[ceph-users] osds on 2 nodes vs. on one node

2015-09-02 Thread Deneau, Tom
In a small cluster I have 2 OSD nodes with identical hardware, each with 6 osds.

* Configuration 1:  I shut down the osds on one node so I am using 6 OSDS on a 
single node

* Configuration 2:  I shut down 3 osds on each node so now I have 6 total OSDS 
but 3 on each node.

I measure read performance using rados bench from a separate client node.
The client has plenty of spare CPU power and the network and disk utilization 
are not limiting factors.
In all cases, the pool type is replicated so we're just reading from the 
primary.

With Configuration 1, I see approximately 70% more bandwidth than with 
configuration 2.
In general, any configuration where the osds span 2 nodes gets poorer 
performance but in particular
when the 2 nodes have equal amounts of traffic.
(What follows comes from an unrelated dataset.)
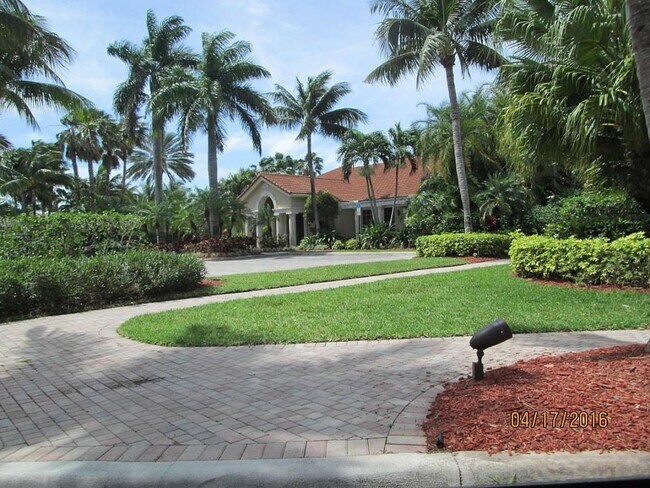 Building Photo - 15095 Michelangelo Blvd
Is there any ceph parameter that might be throttling the cases where osds span 
2 nodes?

-- Tom Deneau, AMD
___
ceph-users mailing list
ceph-users@lists.ceph.com
http://lists.ceph.com/listinfo.cgi/ceph-users-ceph.com


Re: [ceph-users] osds on 2 nodes vs. on one node

2015-09-02 Thread Christian Balzer

Hello,

On Wed, 2 Sep 2015 22:38:12 + Deneau, Tom wrote:

> In a small cluster I have 2 OSD nodes with identical hardware, each with
> 6 osds.
> 
> * Configuration 1:  I shut down the osds on one node so I am using 6
> OSDS on a single node
>
Shut down how?
Just a "service blah stop" or actually removing them from the cluster aka
CRUSH map?
 
> * Configuration 2:  I shut down 3 osds on each node so now I have 6
> total OSDS but 3 on each node.
> 
Same as above. 
And in this case even more relevant, because just shutting down random OSDs
on both nodes would result in massive recovery action at best and more
likely a broken cluster.

> I measure read performance using rados bench from a separate client node.
Default parameters?

> The client has plenty of spare CPU power and the network and disk
> utilization are not limiting factors. In all cases, the pool type is
> replicated so we're just reading from the primary.
>
Replicated as in size 2? 
We can guess/assume that from your cluster size, but w/o you telling us
or giving us all the various config/crush outputs that is only a guess.
 
> With Configuration 1, I see approximately 70% more bandwidth than with
> configuration 2.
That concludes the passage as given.